Regionalliga Nordrhein
Wie sich Interaktiv und der TVK belauern
Der Zweikampf an der Spitze ist spannend und Korschenbroich könnte durch einen Sieg beim BHC II vorübergehend auf Platz eins klettern. Unten dreht sich fast alles um den Neusser HV.

Der geht rein! Lukas Bark, hier beim 34:29 am vergangenen Wochenende im Duell mit dem Essener Keeper Hadrian Solbach Domingo, und seine Korschenbroicher wollen im Kampf um den Aufstieg am liebsten keine Chance auslassen. (Foto: Sven Frank)

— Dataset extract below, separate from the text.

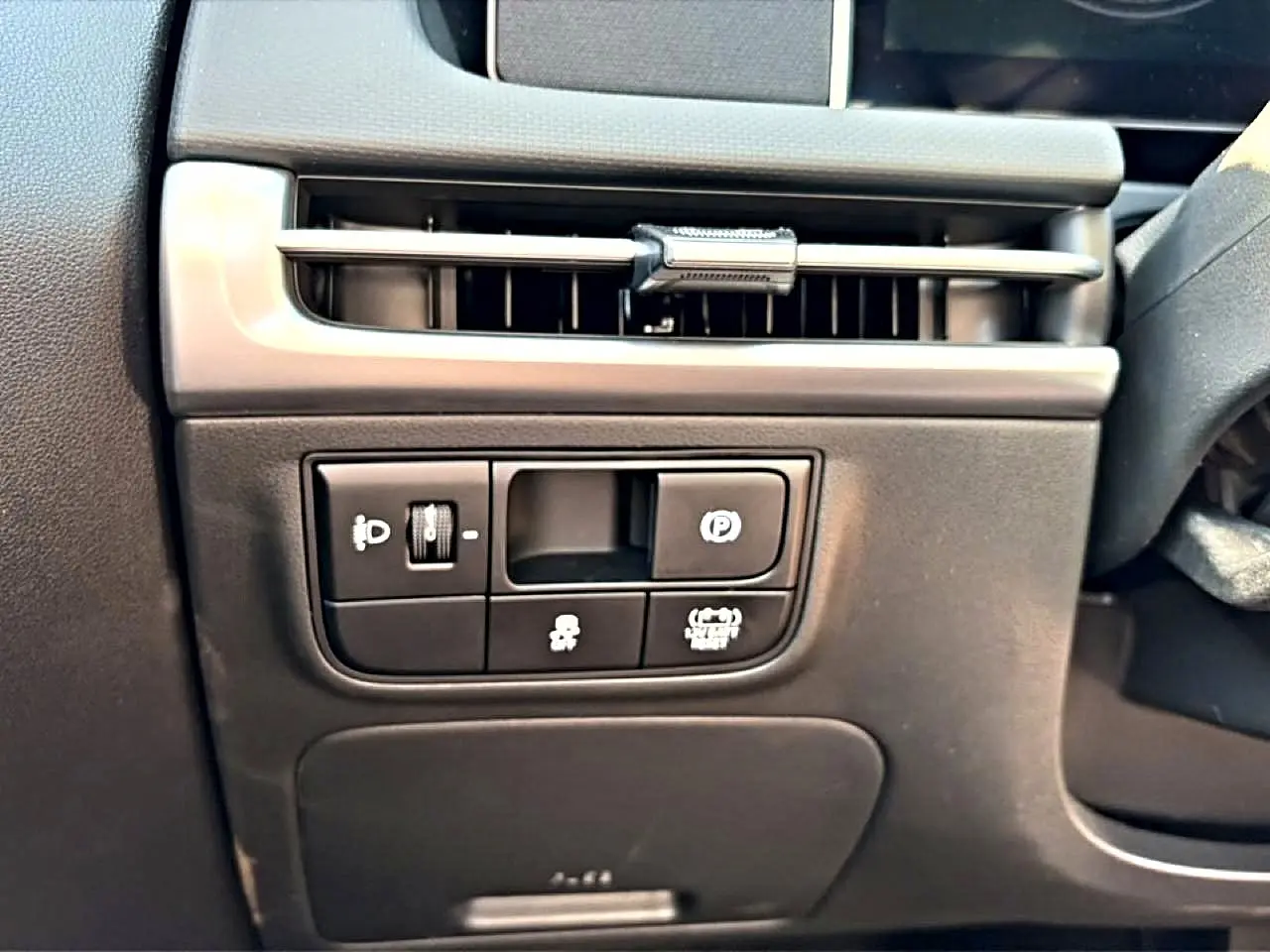 Détail intérieur côté conducteur du Hyundai Tucson 2026, montrant les commandes d’éclairage et de frein à main électronique.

In der Regionalliga scheinen die beiden einzigen Kandidaten, die für den Titel und den Aufstieg in die 3. Liga in Frage zu kommen, die gehobene Spannung zu lieben – mit einem klaren „Vorteil“ für den immer noch ungeschlagenen Spitzenreiter Interaktiv.Handball (37:3 Punkte), der unter anderem vier Siege mit nur einem Tor Differenz und drei Unentschieden auf dem Konto stehen hat. Zuletzt schrammte das Team des Trainergespanns Filip Lazarov/Alexander Oelze bei der 32:32-Blamage gegen den so gut wie sicher als Absteiger feststehenden Letzten Neusser HV (5:37) sogar an einer kompletten Pleite vorbei, behauptete aber am Ende durch das Unentschieden den ersten Platz vor dem TV Korschenbroich (36:4). Der Verfolger bemühte bisher erst zweimal das Glück – massiver beim 35:34 im Februar gegen die TSV Bonn rrh. und etwas weniger deutlich am vergangenen Wochenende beim erst ab der 55. Minute erarbeiteten 34:29 über TuSEM Essen II. Ansonsten hatte die Mannschaft von TVK-Trainer Gilbert Lansen ausgerechnet in den Duellen mit Interaktiv – neben der jeweils vorhandene Chance auf einen Sieg – eher mit Pech zu tun. Das 24:25 aus der Hinrunde und das 29:30 aus der Rückrunde hängen den Korschenbroichern jedenfalls wie ein Mühlstein um den Hals – wobei sich die Lage durch das Ratinger Unentschieden gegen Neuss geändert hat: Setzt Korschenbroich seine inzwischen auf acht Siege hintereinander angewachsene Serie bis zum Ende der Saison fort, kann sich der Spitzenreiter gar keine Niederlage mehr erlauben, weil es dann auf den bei Punktgleichheit entscheidenden direkten Vergleich nicht mehr ankommt.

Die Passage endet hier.